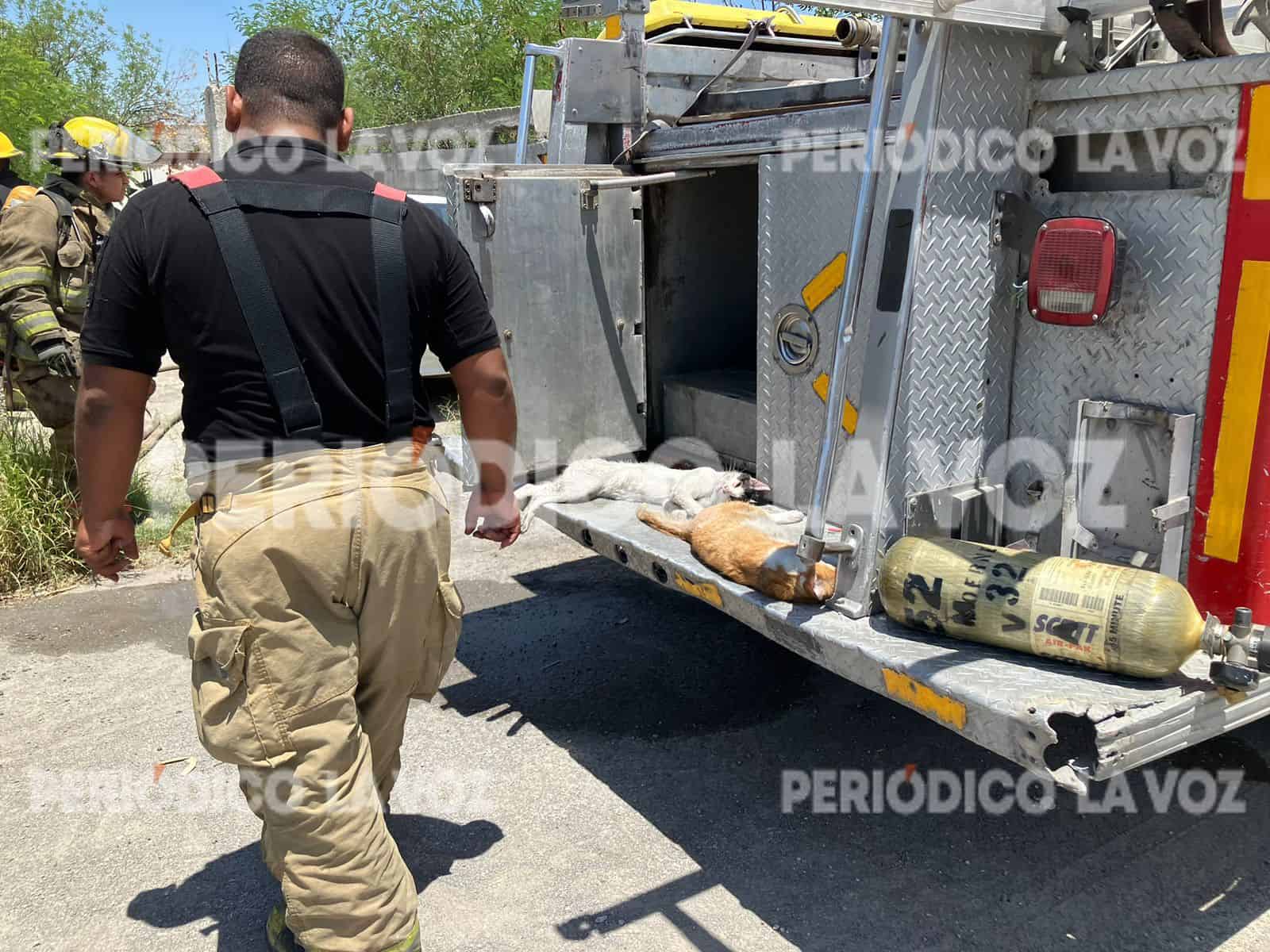 Incendio de casa cobra la vida de dos gatitos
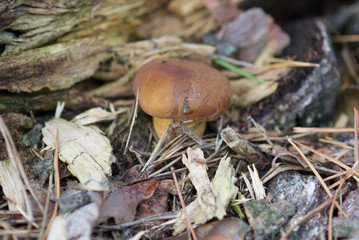 beautiful forest mushrooms from under Kiev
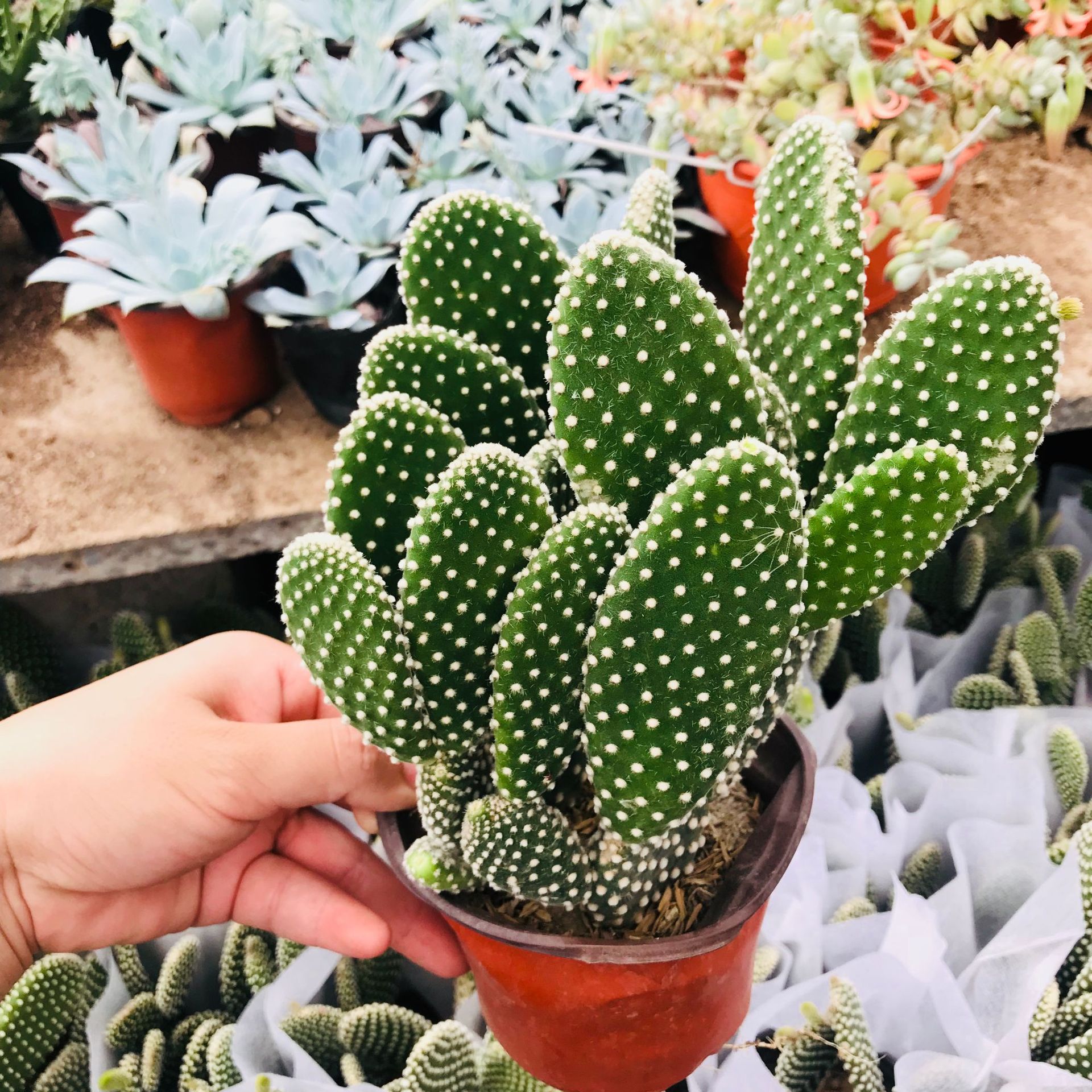 仙人掌多肉植物批发白毛掌 办公桌面趣味吸甲醛绿植盆栽 白毛掌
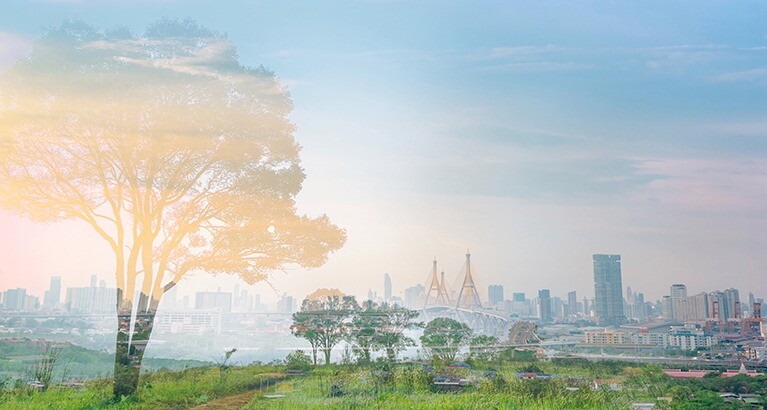 The accelerating loss of biodiversity constitutes one of the most urgent challenges of the 21st century. Biodiversity is vanishing at an alarming rate, posing severe risks to both economic stability and human well-being.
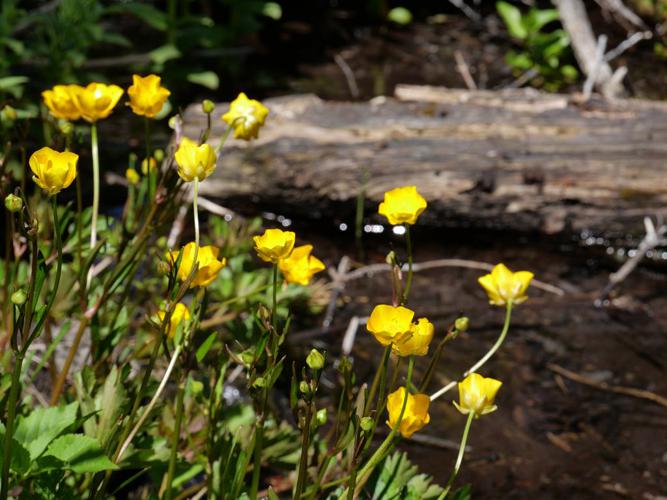Renoncule rampante - Ranunculus repens © Marie-Geneviève Nicolas - Parc national des Ecrins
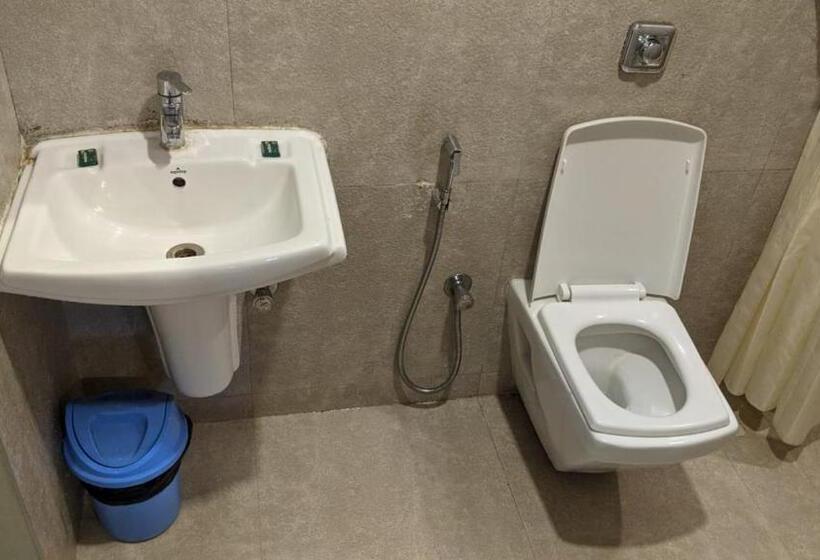 Отель Ambassador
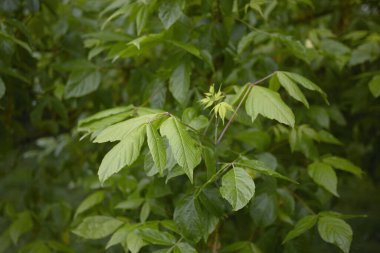 Acer negundo ağacının dalları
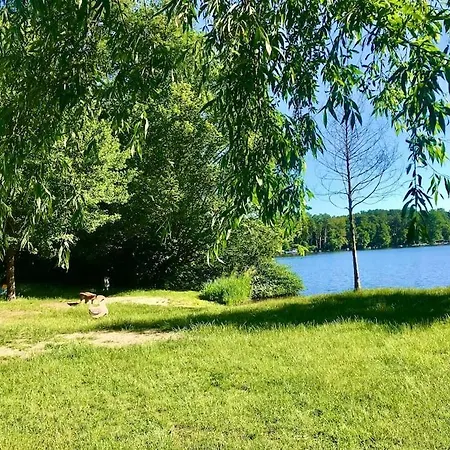 Partners Haus Clemens - Gemuetliches Holzhaus Mit Grundstueck Nahe Badesee *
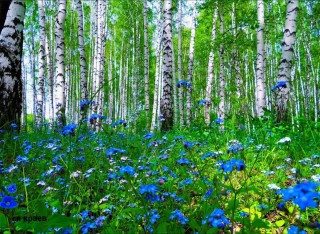 Цветы в березовой роще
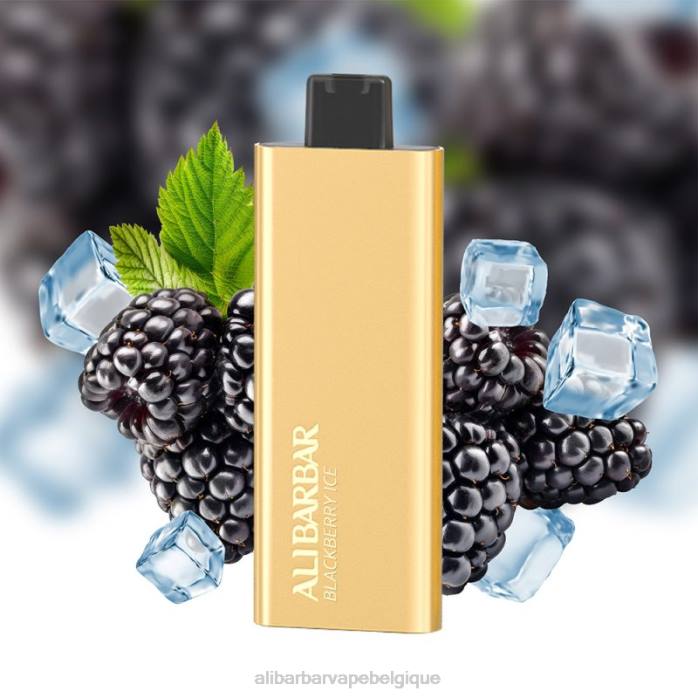 Alibarbar Price glace aux mûres - Alibarbar Pandora 7000 vapes jetables PD4468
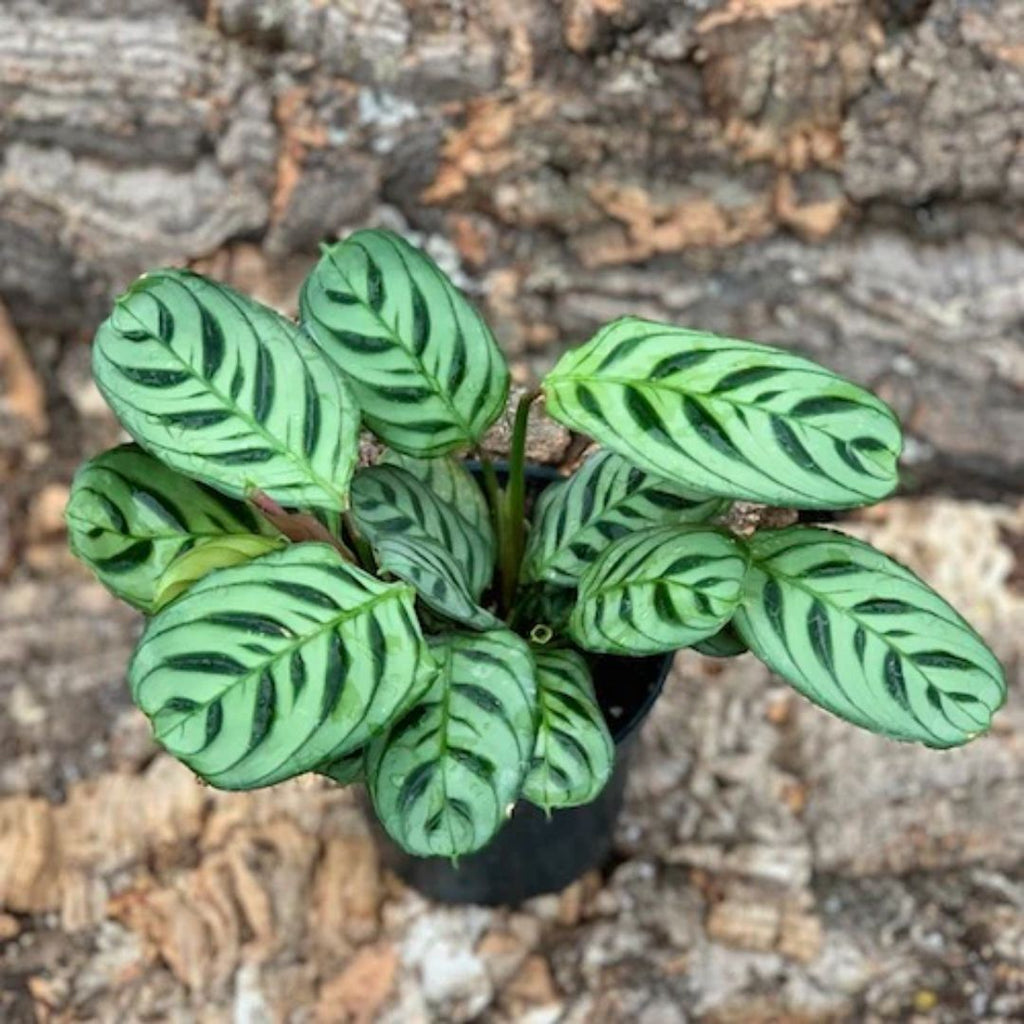 Calathea Burle Marxii 140mm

——

- _INSTRUCTIONS FOR THE TASK_: For this exercise, reproduce the data above exactly from the line containing "Отель Ambassador" through its final line, both ends included, with no pictures in the copy.

- _SOLUTION TO THIS EXERCISE_:
 Отель Ambassador
 Acer negundo ağacının dalları
 Partners Haus Clemens - Gemuetliches Holzhaus Mit Grundstueck Nahe Badesee *
 Цветы в березовой роще
 Alibarbar Price glace aux mûres - Alibarbar Pandora 7000 vapes jetables PD4468
 Calathea Burle Marxii 140mm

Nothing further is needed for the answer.